> [What this task involves] In the listing below, find the line with "Departamento en Venta" and copy every line from there up to and including the line with "미국서 캠리보다 비싸진 쏘나타 … 현대차, 엔저 직격탄", exactly and without pictures.

===== Provided data =====

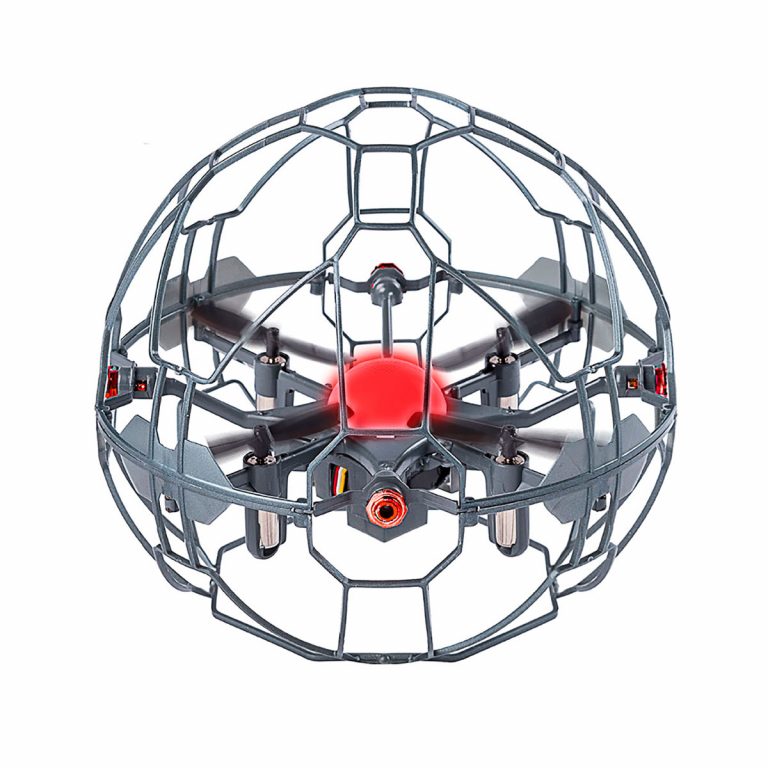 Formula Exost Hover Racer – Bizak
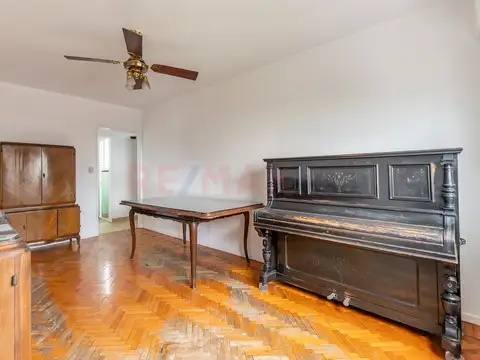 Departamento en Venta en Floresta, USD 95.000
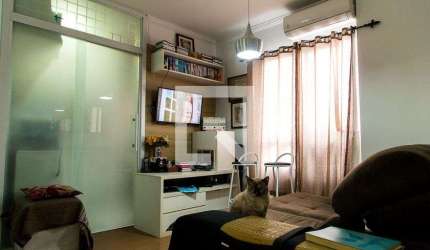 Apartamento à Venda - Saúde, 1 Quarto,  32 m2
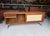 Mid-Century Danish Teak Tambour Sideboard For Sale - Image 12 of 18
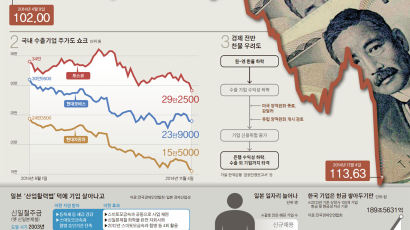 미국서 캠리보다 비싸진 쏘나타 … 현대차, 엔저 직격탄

=====
===== Provided data =====

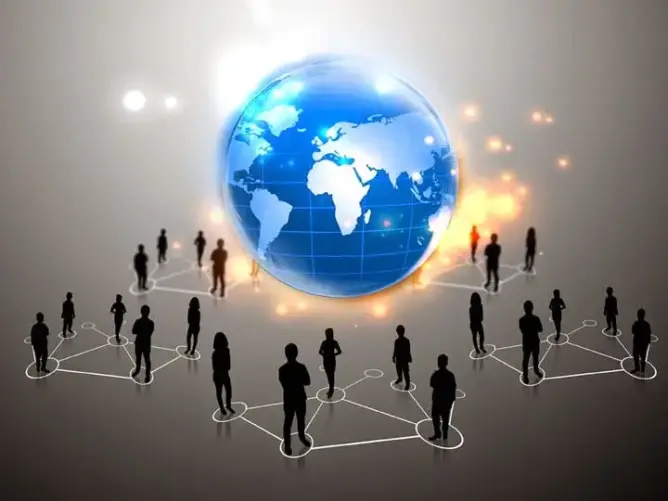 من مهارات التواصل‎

=====

> [Written solution]
 Departamento en Venta en Floresta, USD 95.000
 Apartamento à Venda - Saúde, 1 Quarto,  32 m2
 Mid-Century Danish Teak Tambour Sideboard For Sale - Image 12 of 18
 미국서 캠리보다 비싸진 쏘나타 … 현대차, 엔저 직격탄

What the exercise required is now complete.